Slip Copy, 2017 WL 3228538
The same letter requested, in the alternative, permission to disturb the mounds for purposes of excavating the quarry. The Director referred Wingra Stone’s request to disturb the Ward Mounds to the Division of Hearings and Appeals, which held a contested case hearing on Wingra Stone’s petition to disturb the Ward Mounds. The petition to disturb case is before us on a separate appeal and cross-appeal in case Nos. 2015AP1632 and 2015AP1844, respectively. We decide that companion appeal this same day.
The Ho-Chunk Nation filed a separate response brief opposing Wingra Stone’s appeal of the Board’s decision denying Wingra Stone’s removal petition. Because the Board’s brief raises essentially the same arguments as the Ho-Chunk Nation’s brief, we will address the Board’s arguments only, with the exception of the Ho-Chunk Nation’s request for reasonable attorney fees and costs on frivolous grounds.

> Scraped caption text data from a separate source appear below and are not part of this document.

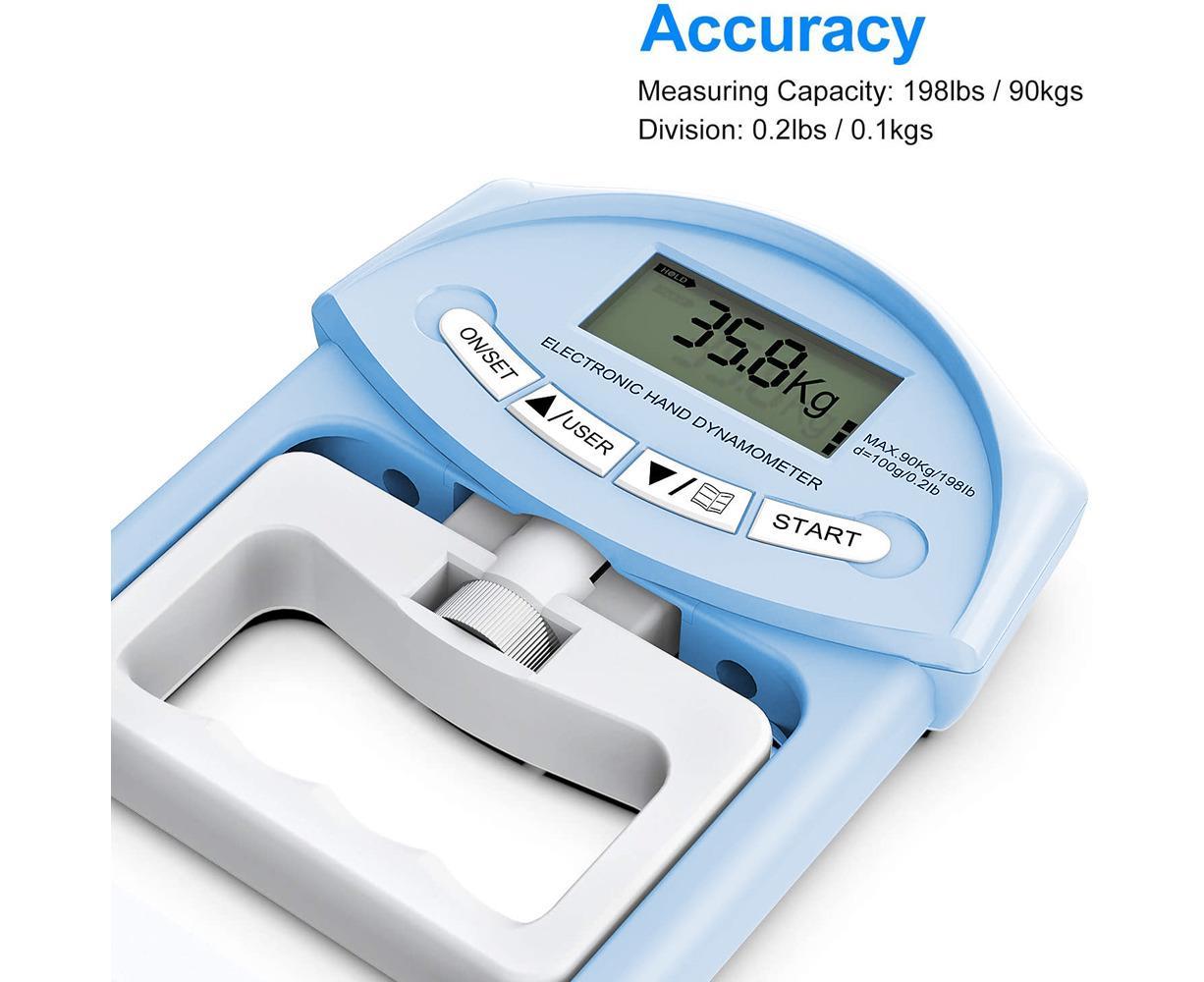 Digital Hand Grip Dynamometer - Auto Capture Grip Strength Meter Blue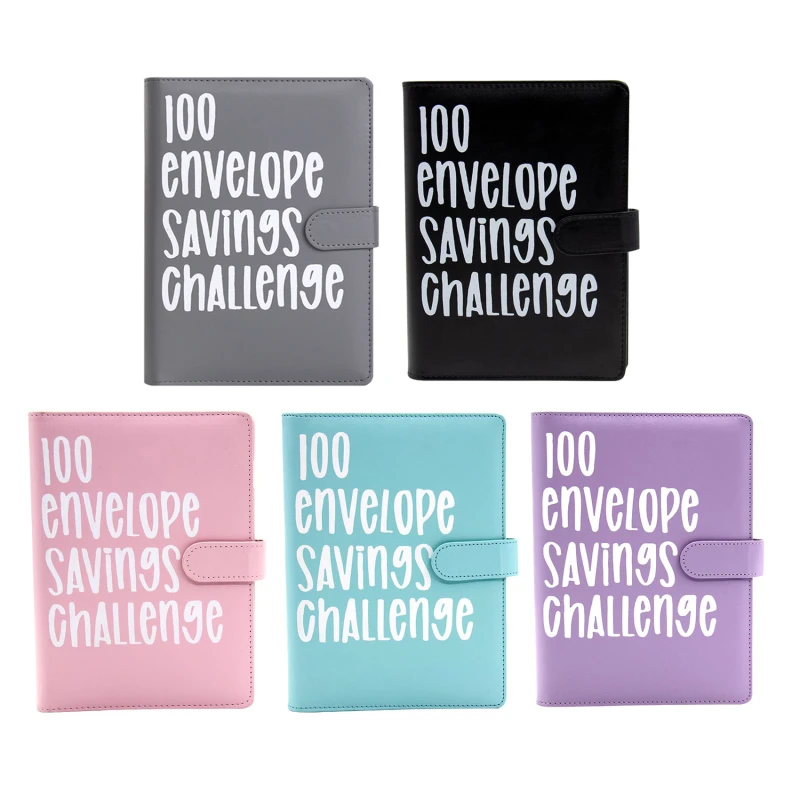 Leather Notebook PU Leather Loose-leaf Journal 100 Day Couple's Challenge Savings Book Magnetic Buckle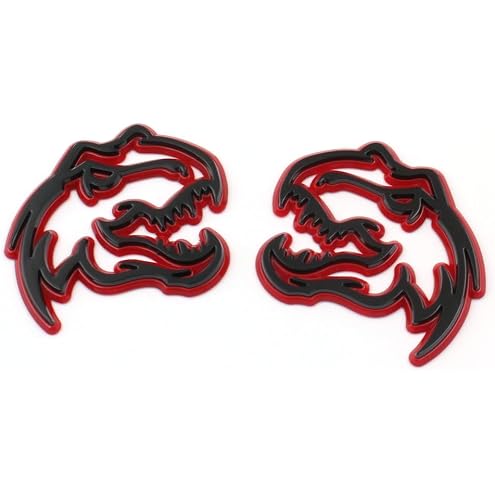 Set of 2 Custom Super Dinosaur Head Side Tailgate TRX Hell T-Rex Emblem Badges f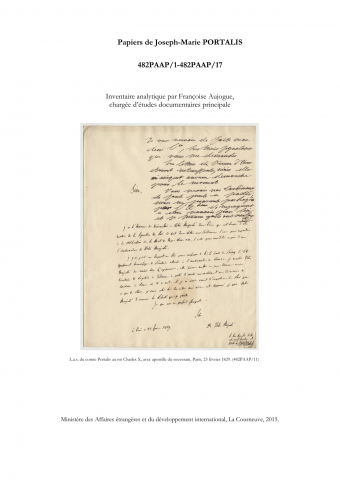 FR MAE 482PAAP, Papiers Portalis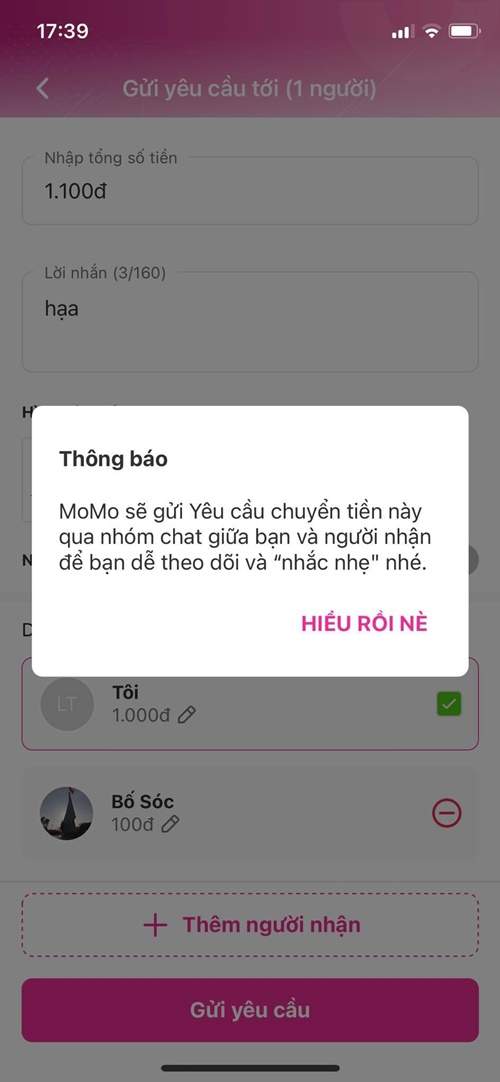 Hệ thống thông báo sẽ gửi yêu cầu chuyển tiền 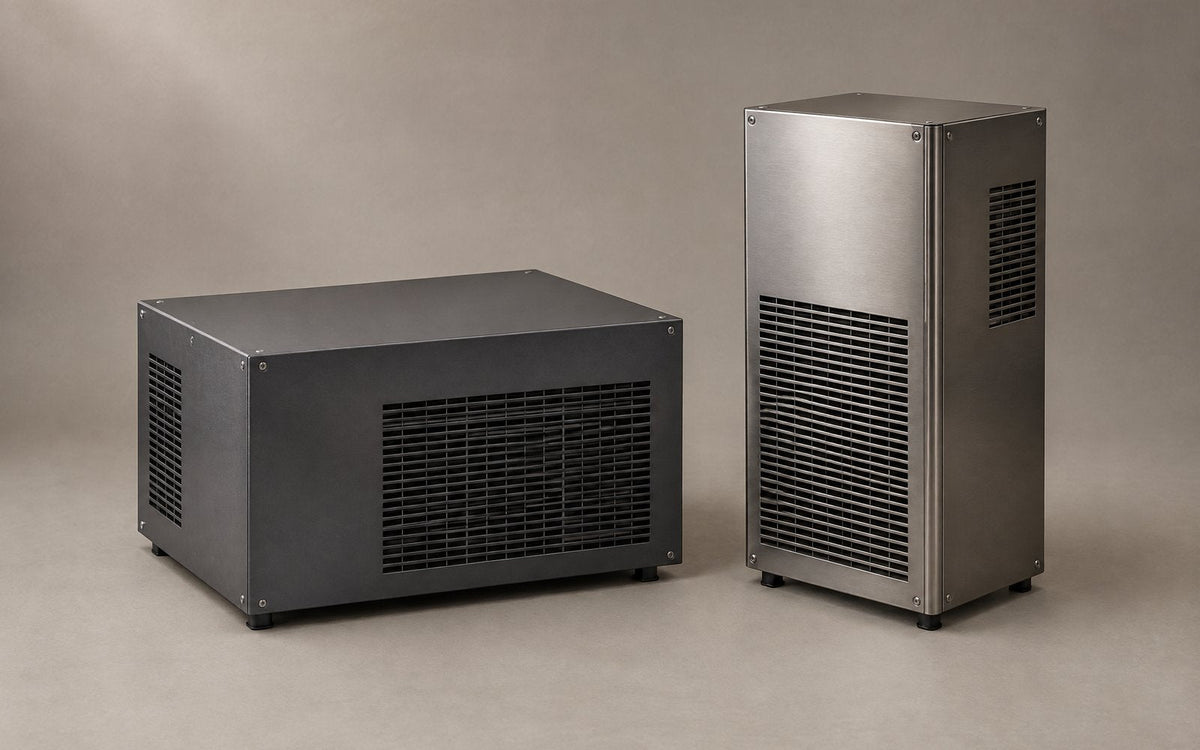 Two wine cellar cooling units of different sizes shown side by side for comparison.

Samuel Barrett and Ernest Hawkes, The Kratz Creek Mound Group: A Study in Wisconsin Indian Mounds, BULLETIN OF THE PUBLIC MUSEUM OF THE CITY OF MILWAUKEE , 3(1) (1919), Warren Wittry and E. G. Bruder, Salvage Operations at the Kolterman Mound Group, THE WISCONSIN ARCHAEOLOGIST 36(1), 3-12 (1955), and W. C. McKern, The Neale and McClaughry Mound Groups, BULLETIN OF THE PUBLIC MUSEUM OF THE CITY OF MILWAUKEE, 3(3) (1928).
R. A. BIRMINGHAM & L. E. EISENBERG, INDIAN MOUNDS OF WISCONSIN 5, 54 (2000).

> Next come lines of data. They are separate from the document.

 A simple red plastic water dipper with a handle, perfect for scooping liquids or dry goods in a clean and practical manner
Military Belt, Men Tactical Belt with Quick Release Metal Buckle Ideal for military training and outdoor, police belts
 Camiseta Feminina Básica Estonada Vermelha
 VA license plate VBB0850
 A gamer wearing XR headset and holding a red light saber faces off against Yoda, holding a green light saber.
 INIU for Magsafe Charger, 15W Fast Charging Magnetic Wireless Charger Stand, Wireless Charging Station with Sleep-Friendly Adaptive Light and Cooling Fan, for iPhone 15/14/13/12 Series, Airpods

The Ho-Chunk Nation, participating as an interested party under WIS. ADMIN. CODE § HS 2.03(6), requests an award of reasonable attorney fees and costs it incurred in defending this appeal on the ground that this appeal is frivolous, pursuant to WIS. STAT. § 809.25(3). However, the Ho-Chunk Nation failed to comply with that statute, which requires that a party file a motion with the court “no later” than the filing of that party’s appellate brief. WIS. STAT. § 809.25(3); see also Howell v. Denomie, 2005 WI 81, ¶19, 282 Wis. 2d 130, 698 N.W.2d 621. The Ho-Chunk Nation failed to file a motion. Instead, it solely makes its frivolous appeal argument in its appellate brief. We lack the authority to address the merits of the request and deny it on that basis.